10 Ill. App. 639 | Ill. App. Ct. | 1882

Wilson P. J.

We have reached the conclusion that this judgment must be reversed. The order for the brushes expressly provided that they were not to be shipped before Feb. 20th-Appellees, in contravention of the order, shipped them February 12th, eight days before the time specified. By the acceptance of the order and appellees undertaking to act under it, it became a contract between the parties for the purchase of goods to be delivered by the seller at a future designated time. At law, time is of the essence of such a contract, and performance by the seller according to its terms, unless waived by the buyer, is a condition precedent to his right to sue for the price of the goods. 1st Parsons on Con. 444-6; Chit. Con. 517, et seq. The seller can no more claim performance, by a tender of the goods before the time stipulated, than by tendering them after the time. And in an action at law when the question is whether a party has performed a contract requiring in terms performance at a fixed day, the court can not say that the time of performance is immaterial, for the parties have made it material. Hill v. School Directors, 17 Me. 316. If a day be fixed for delivery in the future, the seller must keep the thing sold until the time for delivery; and if the parties are distant from each other, the seller must follow the directions of the buyer. These principles are elementary. 1 Parsons, supra.

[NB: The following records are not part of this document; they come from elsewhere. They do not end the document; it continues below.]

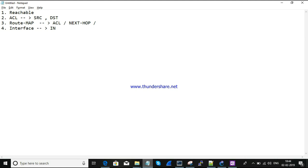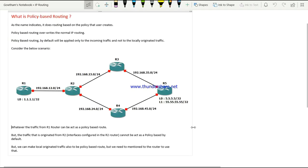If you have locally originated information, there is also a configuration mode for that. By default, this is the configuration mode. You can enable local policy. If you enable local policy, local information is checked and you can move traffic accordingly. This is policy-based routing — use the process for your situation and move traffic using the policy-based route.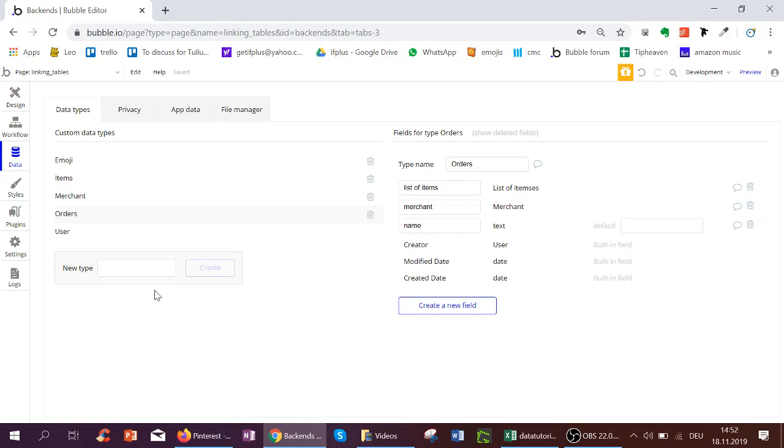In the next video I'll show you how to actually create data using workflows on Bubble. Again, this can be seen as a step-by-step list on tiplister.com, link below, where there are lots of free Bubble tips available.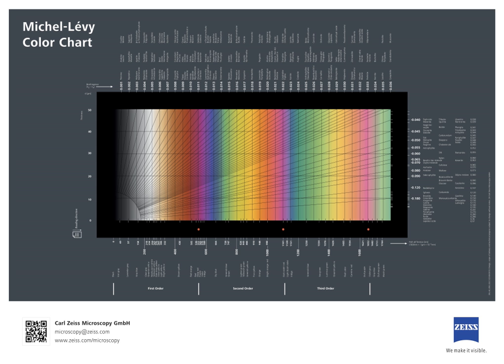If the birefringence is known, then the thickness t of the sample can be determined. If the thickness is known, then the birefringence of the sample can be determined. As the order of the optical path difference increases, it is more likely that more wavelengths of light will be removed from the spectrum. This results in the appearance of the color being washed out, and it becomes more difficult to determine the properties of the sample.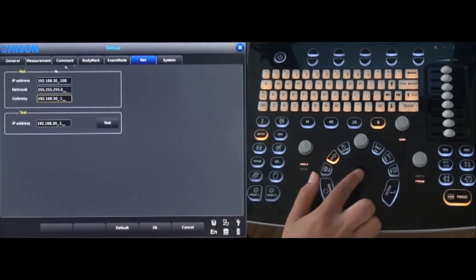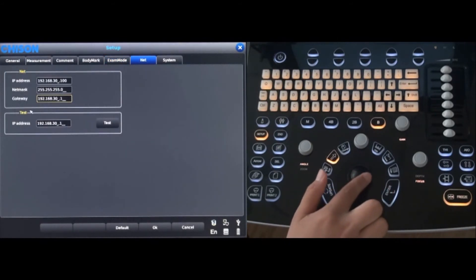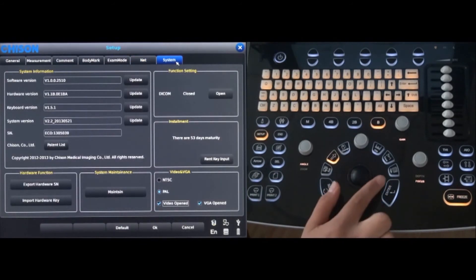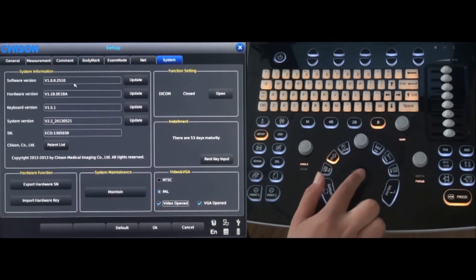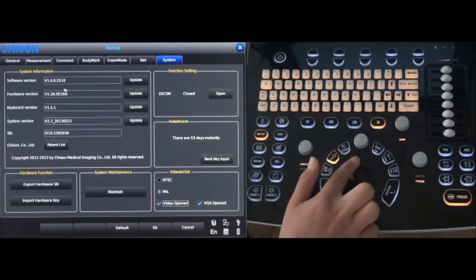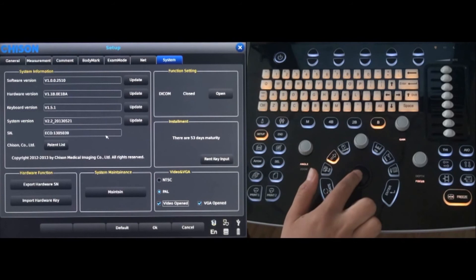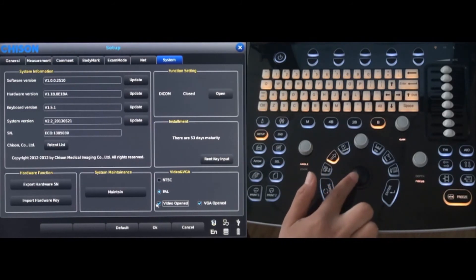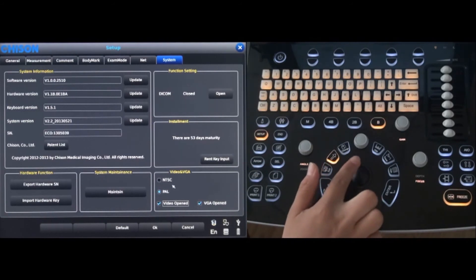Under the Net tab, network information can be changed. More advanced system settings can be changed under the System tab. Updates can be made for the software, hardware, keyboard, and system. Video and VGA ports can be selected if connecting a video printer.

A case much in point reported in 1 L. R. Q. B. Div. 470, is Shand v. Bowes. There the defendant bought of the plaintiff 600 tons of rice, to be shipped at Madras for London, during the months of March and April. The rice was in 8,200 bags, of which 7,120 were shipped between the 23d and 28th of February, and the last bill of lading was signed on the latter day. Of the other 1,080 bags, 1,030 were put on board February 28th, and the remaining 50, March 3d, and the bill of lading was signed on the latter day. The defendant having refused to accept the rice, it was held that as nine-tenths of the rice was shipped in February, the defendant was not bound to accept it. That case was a stronger one for the plaintiff than the present one, for there a portion of the rice was shipped in March, as stipulated in the contract.

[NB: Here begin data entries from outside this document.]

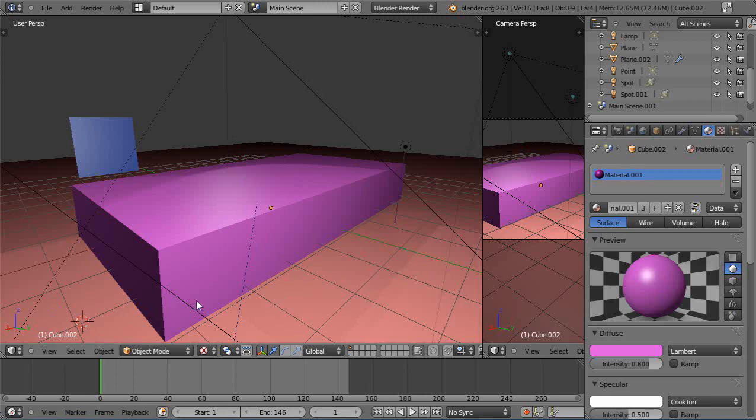In this tutorial I'll show you some issues you might run across when switching between Blender Render and the Blender game engine.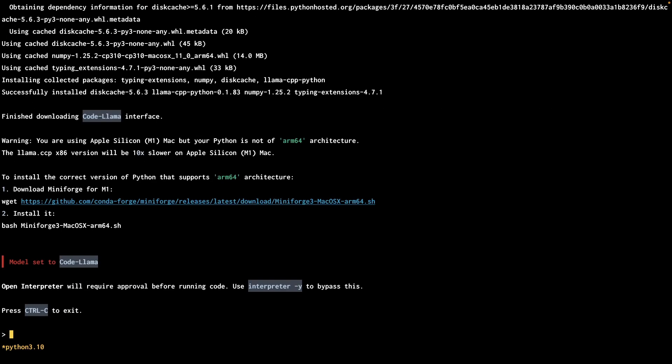Okay, so looks like that was a success. I do have this message that talks about having to install ARM version of Python to have better performance. Not sure why I have this error message because I do have the ARM version. So I'm just going to ignore that for now. And as you can see, we actually have a prompt.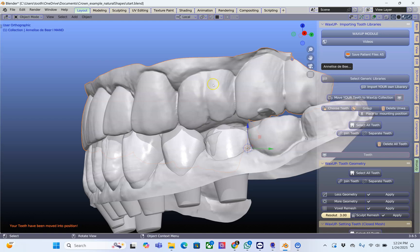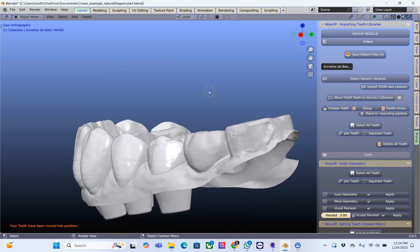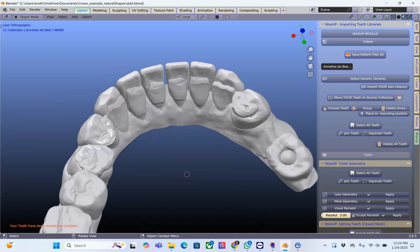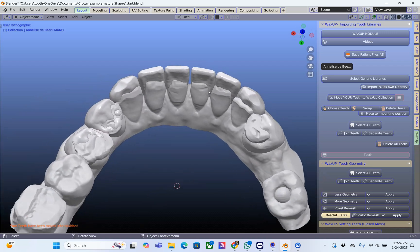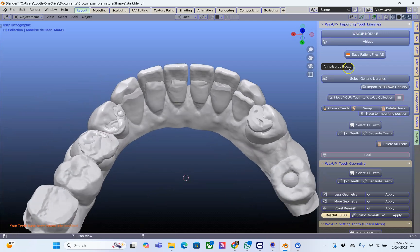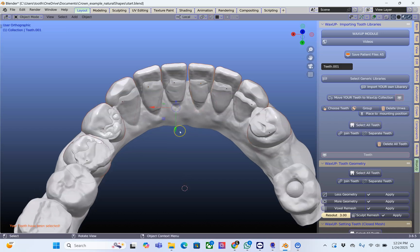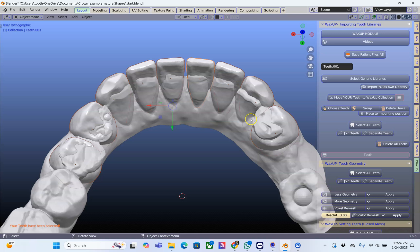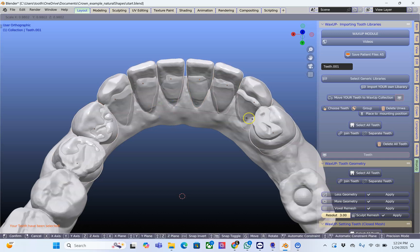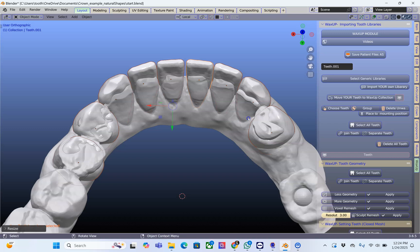I'm going to select the top model, click on H to hide it, then look at it from the top. In the wax-up module we can select all teeth by clicking on that button. Here maybe they are a little bit bigger — I'm going to use the S key to scale them down a bit, and we're actually very close to where we need to be.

The express condition of the order being that, the brushes were not to be shipped before February 20th, it is not for the court to say that appellants, in imposing such condition, may not have had in view the greater danger of loss or delay in transportation on a shipment made before that time than on a shipment made after that time; it is sufficient that the parties fixed the time of their contract.

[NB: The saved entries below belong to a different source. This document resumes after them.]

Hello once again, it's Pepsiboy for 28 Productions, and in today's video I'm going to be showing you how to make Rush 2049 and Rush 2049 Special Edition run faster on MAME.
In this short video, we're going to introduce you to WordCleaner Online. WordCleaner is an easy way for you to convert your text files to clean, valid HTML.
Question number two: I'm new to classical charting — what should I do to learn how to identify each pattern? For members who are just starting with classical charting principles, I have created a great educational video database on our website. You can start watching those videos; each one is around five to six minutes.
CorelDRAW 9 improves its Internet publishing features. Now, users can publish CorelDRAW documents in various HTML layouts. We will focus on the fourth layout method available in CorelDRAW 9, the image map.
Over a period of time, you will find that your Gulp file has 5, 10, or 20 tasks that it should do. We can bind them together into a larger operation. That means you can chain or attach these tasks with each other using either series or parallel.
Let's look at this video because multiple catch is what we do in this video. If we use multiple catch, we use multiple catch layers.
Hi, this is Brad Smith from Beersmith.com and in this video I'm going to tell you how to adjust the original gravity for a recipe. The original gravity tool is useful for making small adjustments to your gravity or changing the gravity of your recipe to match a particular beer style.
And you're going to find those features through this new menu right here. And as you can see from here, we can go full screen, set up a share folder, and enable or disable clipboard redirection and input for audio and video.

But it is insisted by appellees that appellants waived their right to object to the prematureness of the shipment by placing their subsequent refusal to accept on the ground that the brushes did not seasonably arrive. We are unable to coincide in this view. By shipping the goods before the time agreed upon, appellees committed a breach of their contract, and such breach was not occasioned by any act or omission on the part of appellants. Appellees, at the time of the breach, were not misled by any supposed waiver of the condition in relation to the time of shipment, and because appellants subsequently, under an erroneous belief that the delay in the arrival of the goods was caused by a failure to ship them in. time, complained that they had not arrived in season, and assigned that as a reason for refusing to accept them, it by no means follows that this constituted a waiver. And even had appellants known all the facts, it would not alter the case, for the breach of the condition of the contract in respect to the time of shipment was already complete, and appellees could main tain no action on the contract, whatever reasons appellants might thereafter assign for refusing to accept the goods, or though they should assign no reason. 7 Ad. & E. 650; 5 Exch. 110.

The judgment of the court below must be reversed, and the cause remanded.

Reversed and remanded.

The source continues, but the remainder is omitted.